An archive the questions from Mark's Fall 2018 Stat 225.

Is my coin fair?

Mark

(10 pts)

I’ve got a program on my web space that generates a random sequence of coin flips and returns the result as a CSV file. You can access it here:
https://marksmath.org/cgi-bin/coin_flips.csv

Again, it looks like a CSV file. In fact, it is a CSV file by the time you get it. On my web server, though, it’s a computer program that generates a CSV file. If you load it again, you should get a different sequence of flips. You can even specify some query parameters. For example, you can ask for more flips:
https://marksmath.org/cgi-bin/coin_flips.csv?n=100

Here’s the thing: The coin is not necessarily fair. The first thing the program does is pick a number p with probability distribution

P(0.4<p<0.5)=1/3
P(p=0.5)=1/3
P(0.5<p<0.6)=1/3

The program then generates a sequence of Heads and Tails with distribution

P(X=H)=p
P(X=T)=1-p

Thus, the coin is fair one-third of the time but it might be biased in one direction or the other.

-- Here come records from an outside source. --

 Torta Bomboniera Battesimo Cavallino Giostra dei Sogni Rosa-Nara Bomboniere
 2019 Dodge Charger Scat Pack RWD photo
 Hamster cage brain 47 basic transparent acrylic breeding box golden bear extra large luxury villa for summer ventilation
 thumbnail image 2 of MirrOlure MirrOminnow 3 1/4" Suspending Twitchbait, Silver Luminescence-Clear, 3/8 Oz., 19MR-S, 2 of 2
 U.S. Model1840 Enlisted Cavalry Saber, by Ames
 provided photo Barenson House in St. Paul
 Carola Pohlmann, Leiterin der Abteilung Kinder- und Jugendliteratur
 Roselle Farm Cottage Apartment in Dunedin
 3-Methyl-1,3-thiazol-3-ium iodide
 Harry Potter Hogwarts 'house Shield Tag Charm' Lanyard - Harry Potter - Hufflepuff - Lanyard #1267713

The program does accept a seed parameter that allows you to seed the random number generator for the choice of p. For example, I could seed the random number generator with my name like so:
https://marksmath.org/cgi-bin/coin_flips.csv?n=100&seed=mark

Note that the sequence of coin flips still varies. Thus, if I reload that page, I get a different sequence of coin flips but that sequence will be generated from the same distribution - i.e. with the same choice of p.

Your mission

Seed the program above with your forum login name and run a hypothesis test to determine if the resulting coin is fair.

Garrett

I have seeded my program with my forum login name and ran a hypothesis test to determine if the resulting coin is fair.
What is the is the proportion of heads and tails using a 99% confidence level. With a confidence of 99%, the p-value must be less than .01.

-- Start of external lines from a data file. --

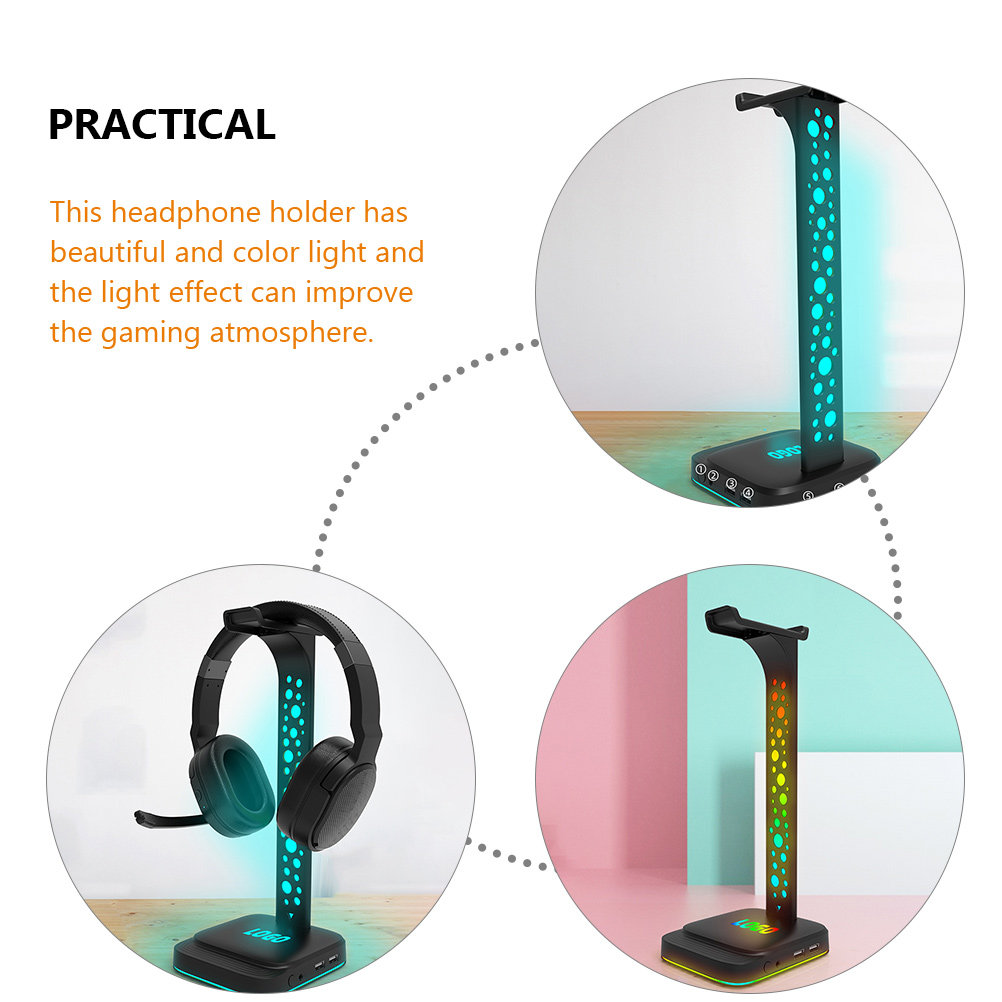 Earphone Stand Headset Stand R – Desk Setup Headphone Stand recenzja i cena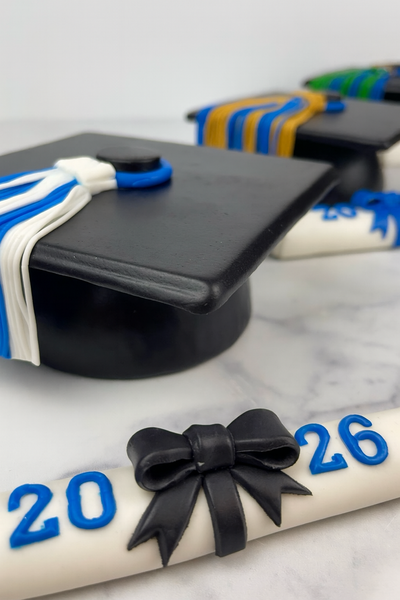 Graduation Cap and Diploma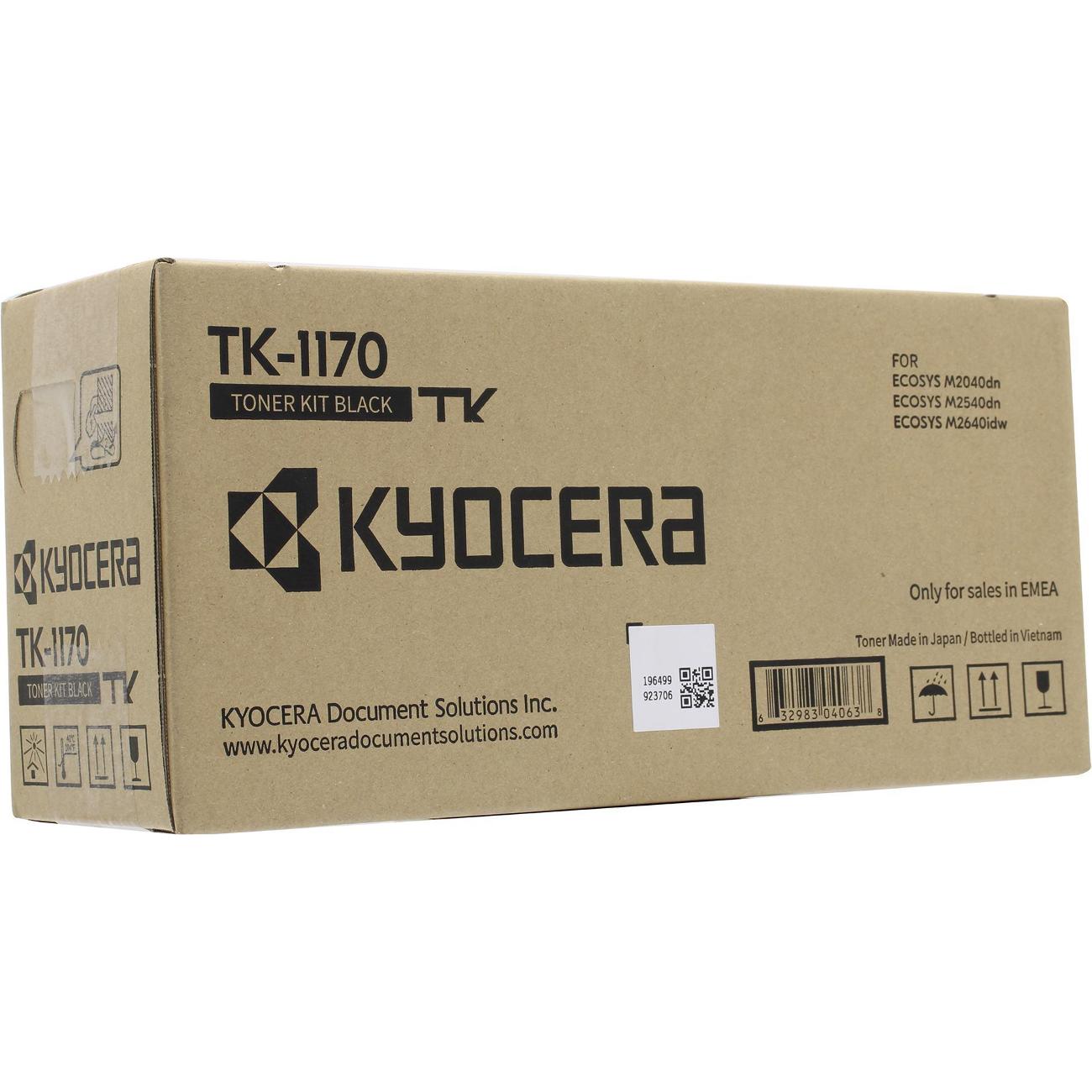 Картридж для лазерного принтера Kyocera TK-1170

Written as a hypothesis test:

H_0:p=1/2
H_A:p≠1/2

import pandas as pd
df = pd.read_csv('https://marksmath.org/cgi-bin/coin_flips.csv?n=1000&seed=garrett')
df.head()

Next, calculate the proportion of heads

p = df[df.flips == 'H'].shape[0]/df.shape[0]
p

Out[9]:0.486

Calculate the T value:

import numpy as np
T = (p-0.5)/np.sqrt(0.5*(1-0.5)/1000)
T

Out[11]: -0.8854377448471471

Calculate the p-value:

from scipy.stats import norm
2*(norm.cdf(-0.885))

Out[13]: 0.3761566313613266

This is significantly larger than α(0.01)

so I reject the null hypothesis, meaning my coin is unfair.

vscala

With a confidence of 95%, the p-value must be less than .05.
The null hypothesis is p=1/2
The alternative hypothesis is p is not equal to 1/2

import pandas as pd
import numpy as np
from scipy.stats import norm
df = pd.read_csv('https://marksmath.org/cgi-bin/coin_flips.csv?n=1000&seed=vscala')
df.head()

	flips
0	H
1	T
2	H
3	T
4	H

p = len(df[df.flips=='H'])/1000
T = (p-.5)/np.sqrt(.5*(1-.5)/1000)
pv = 2*(1-norm.cdf(T))
[p, pv]

[0.514, 0.37592058254807426]

The computed probability is .514 which gives a p-value of .375… which is above .05 and does not fall within the confidence interval of 95%, thus the null hypothesis is disproven.

dennis

Hypothesis test, the coin is fair:

H_0 : p = 1/2
H_a : p \neq 1/2

with 95% confidence :. α=0.05

Seed my file and generate flips, and import into jupyter:

import pandas as pd
df = pd.read_csv('https://marksmath.org/cgi-bin/coin_flips.csv?n=1000&seed=dennis')
df.head()

Output:

||flips|
| --- | --- |
|0|H|
|1|H|
|2|T|
|3|H|
|4|H|

Next, calculate proportion of Heads:

p = df[df.flips == 'H'].shape[0]/df.shape[0]
p

= 0.503

Calculate T value:

import numpy as np
T = (p-0.5)/np.sqrt(0.5*(1-0.5)/1000)
T

= 0.18973665961010294

Calculate p-value:

from scipy.stats import norm
2*(1-norm.cdf(T))

=0.84951549236503476

This is significantly larger than α (0.05)
so I reject the null hypothesis, meaning my coin is unfair.

megan

I read my csv file, seeded with my name, into the program like so

import pandas as pd
df = pd.read_csv('https://marksmath.org/cgi-bin/coin_flips.csv?n=100&seed=megan')
df

I wanted to see if the coin was fair or not with a 95% confidence interval so I wrote my hypothesis test:

H_0 : p = 1/2
H_A : p \neq 1/2
with \alpha = .05

I found my probability that I would get a head to be 0.47

phat = df[df.flips=='H'].shape[0]/df.shape[0]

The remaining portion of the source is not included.